This is the first in a series of posts about the importance of excellent audio for excellent e-Learning script development. This post concerns some tips for making a voice-over narrator’s job a bit easier and for helping you control your budget.
The primary objective in preparing an e-learning script for a narrator is enabling as smooth a read as possible. Every mistake on an e-learning script or every place where something is unclear will almost certainly result in a bobble by the narrator. Every bobble by the narrator extends the amount of time and increases the dollar amount that they and the audio studio will have to charge. At a minimum of $300 per hour you can understand why we want to make the process as efficient as possible. To that end we’re providing a few suggestions for you to keep in mind as you prepare the e-learning script.
- Read it aloud to yourself. This is the best way of catching mistakes before they get to the narrator. An error we see frequently is the use of wrong words or missing words. Spell-check doesn’t pick them up and they’re hard to see when you are proofing silently.
- Don’t use slashes: Replace them with the word you want used so the narrator does not have to stop and decide whether it should be “and”, “or”, “and-or” , “slash” or “stroke”.
- Provide phonetic pronunciation for foreign words and proper nouns. We recently received a e-learning script with 7 Japanese words that were repeated frequently. Luckily the engineer was familiar with Japanese pronunciation and we were able to muddle through. Even so that omission probably cost 20-30 minutes of narrator and studio time.
- Tell the narrator how acronyms are to be pronounced. For example, do you want SKU pronounced “S-K-U’ or “skew”?
- Same for letter number combinations. Is BA62 to be pronounced “B-A-six-two” or “B-A-sixtytwo”?
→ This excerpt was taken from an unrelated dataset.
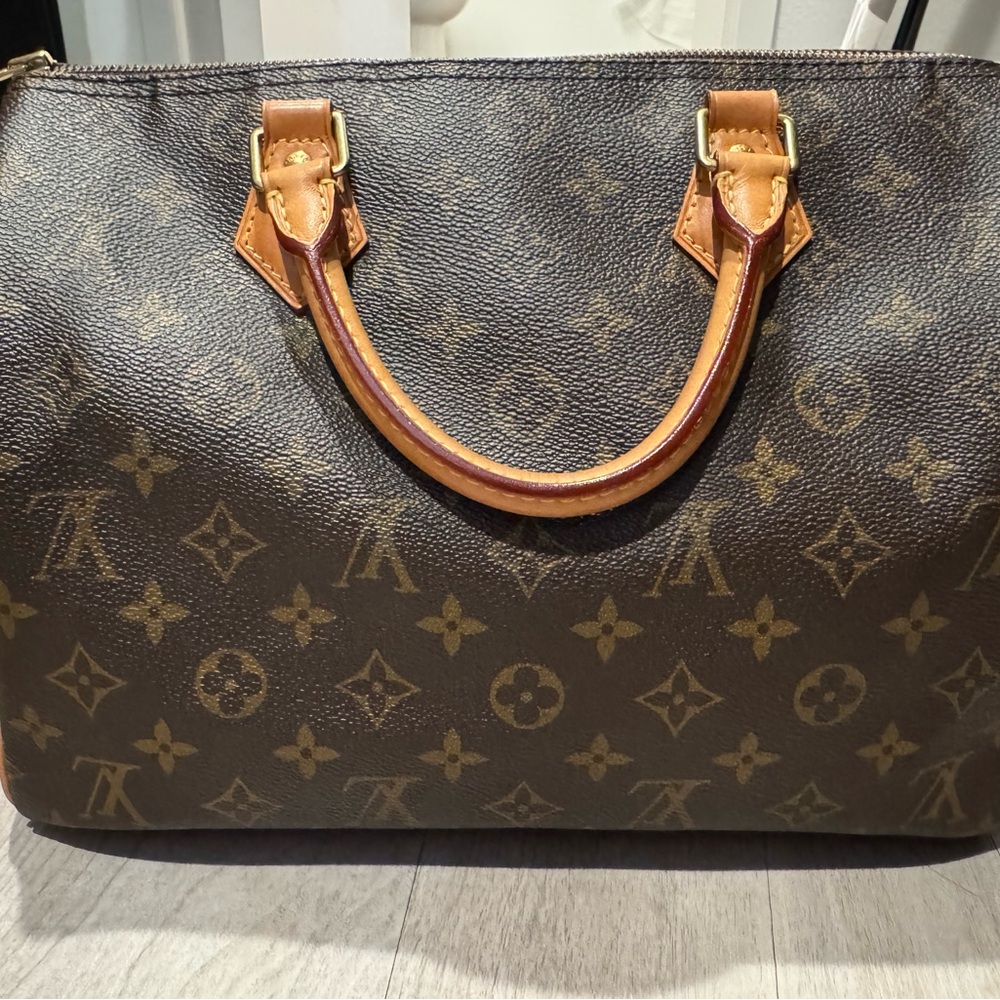 Louis Vuitton Monogram Satchel in Brown and Tan (discontinued)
- Limit parenthetical comments. Recognize that a narrator has to use intonation to signal to the learner that “we’re taking a short side trip here”. Keep them short and few. Parenthetical comments that are too long and too frequent can make a sentence very hard to read sensibly. If you feel that you need more than one in a sentence chances are you need a new sentence.
- Use bulleted copy rather than long sentences with semi-colons. Here’s a recent example:
“These improvements can include reduction in material costs from the use of alternate materials or reduction in scrap; reduction in labor and service costs by locating service personnel in lower cost labor markets and increasing the use of labor saving technology, such as automated voice response systems; improvements in quality through programs such as Lean Six Sigma; reduction in inventory through improved forecasting and sharing of demand data throughout the supply chain; reduction in cycle time and lead time through just-in-time methodologies; increase in revenue through faster capital projects; introduction of new products and enhanced innovation from joint product development initiatives; and reduction in lifecycle and maintenance costs from preventive maintenance programs.”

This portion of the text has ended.